::: Dataset excerpts

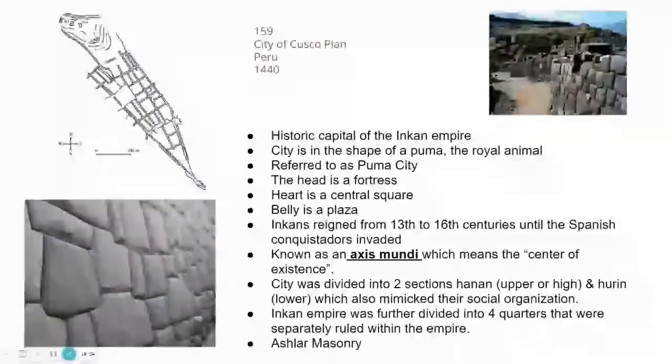The city of Cusco was divided into two sections: an upper section called Hanan and a lower section called Harin, which also mirrored their social classes — upper social class lived in the upper section and vice versa. The Incan Empire was later further divided into four quarters, each separately ruled but still within the same empire.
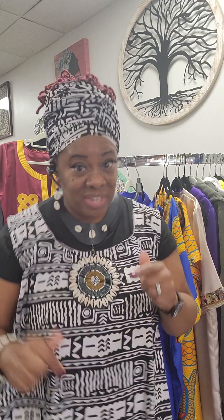Moving right along, I'm going to show you the latest things that just came in today, and we're getting some more things in tomorrow. So guys, come out — we're going to be running a sale pretty soon. Come on out to Kalimba African Boutique.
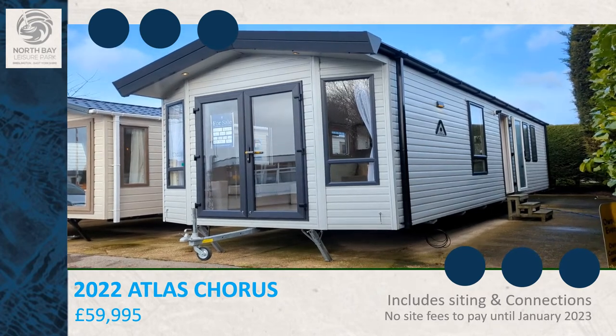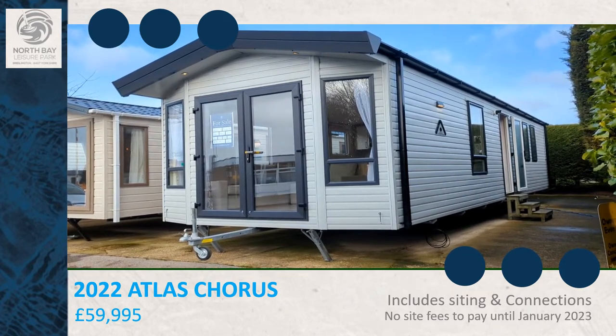Welcome to North Bay Leisure Park. This is the Atlas Chorus. It's 36ft long, 12ft wide and has two bedrooms.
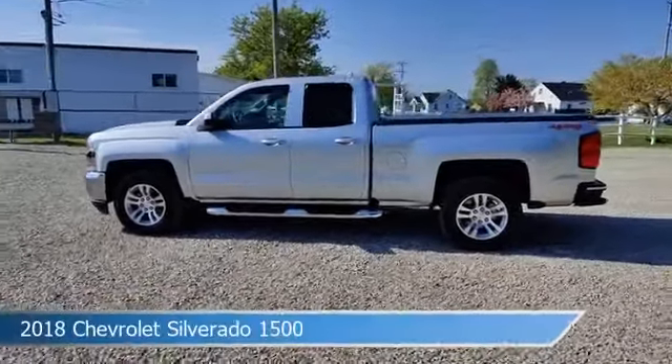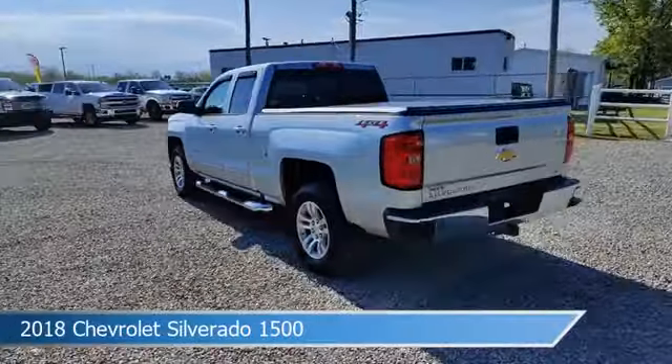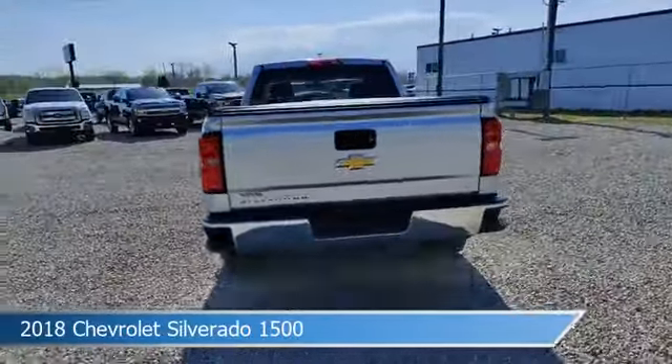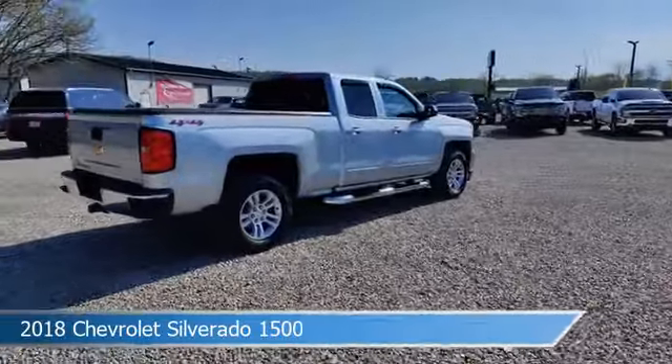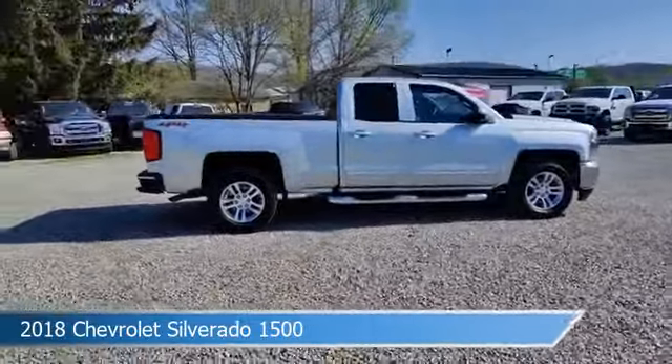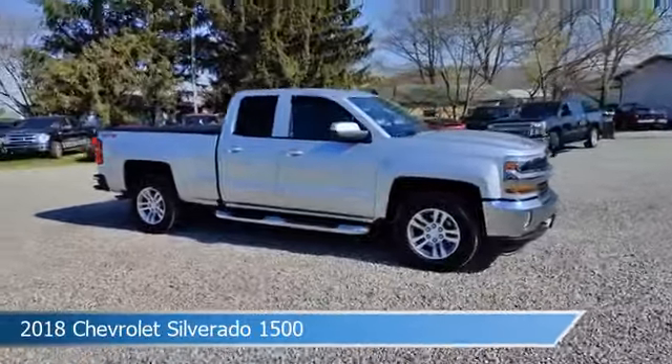Take a look at this 2018 Chevrolet Silverado 1500, equipped with a six-speed automatic electronic with overdrive transmission in silver ice metallic. This car comes with some great features including alloy wheels, four-wheel drive, anti-lock brakes, and audio controls on the steering wheel and more.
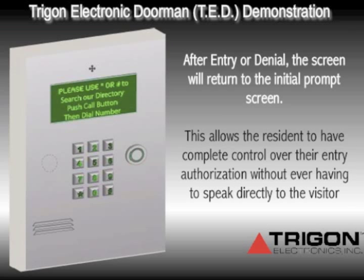After the visitor is either granted or denied entry, the unit will return to its initial prompt and Ted is ready for the next visitor. Remember, if at any point you want to speak directly to the person standing at the gate, you can press the digit and have full duplex communication with that person, then either grant or deny entry based upon that conversation.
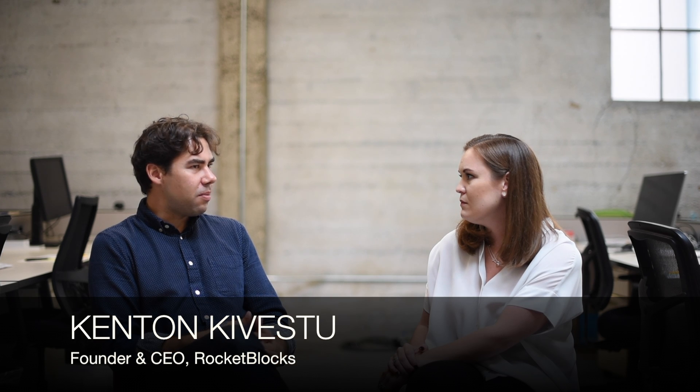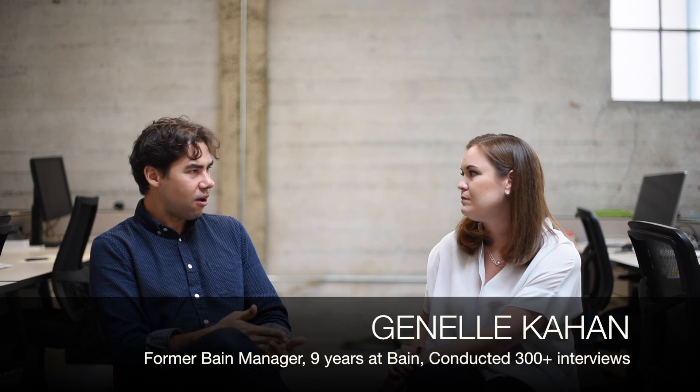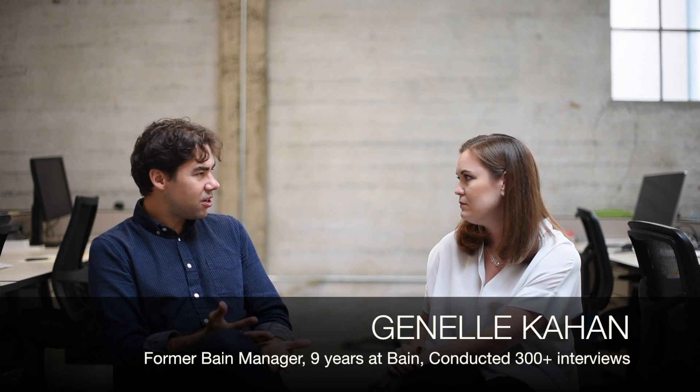Can you tell me a little bit about the actual day-in-the-life experience for an entry-level undergraduate associate consultant at Bain? What type of skills are they using, what types of roles are they playing on the team, and what type of work are they actually doing?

::::::

■ **Exercise directions**
Go through the entries above and output them exactly, without pictures.

■ **Answer for the task**
The city of Cusco was divided into two sections: an upper section called Hanan and a lower section called Harin, which also mirrored their social classes — upper social class lived in the upper section and vice versa. The Incan Empire was later further divided into four quarters, each separately ruled but still within the same empire.
Moving right along, I'm going to show you the latest things that just came in today, and we're getting some more things in tomorrow. So guys, come out — we're going to be running a sale pretty soon. Come on out to Kalimba African Boutique.
Welcome to North Bay Leisure Park. This is the Atlas Chorus. It's 36ft long, 12ft wide and has two bedrooms.
Take a look at this 2018 Chevrolet Silverado 1500, equipped with a six-speed automatic electronic with overdrive transmission in silver ice metallic. This car comes with some great features including alloy wheels, four-wheel drive, anti-lock brakes, and audio controls on the steering wheel and more.
After the visitor is either granted or denied entry, the unit will return to its initial prompt and Ted is ready for the next visitor. Remember, if at any point you want to speak directly to the person standing at the gate, you can press the digit and have full duplex communication with that person, then either grant or deny entry based upon that conversation.
Can you tell me a little bit about the actual day-in-the-life experience for an entry-level undergraduate associate consultant at Bain? What type of skills are they using, what types of roles are they playing on the team, and what type of work are they actually doing?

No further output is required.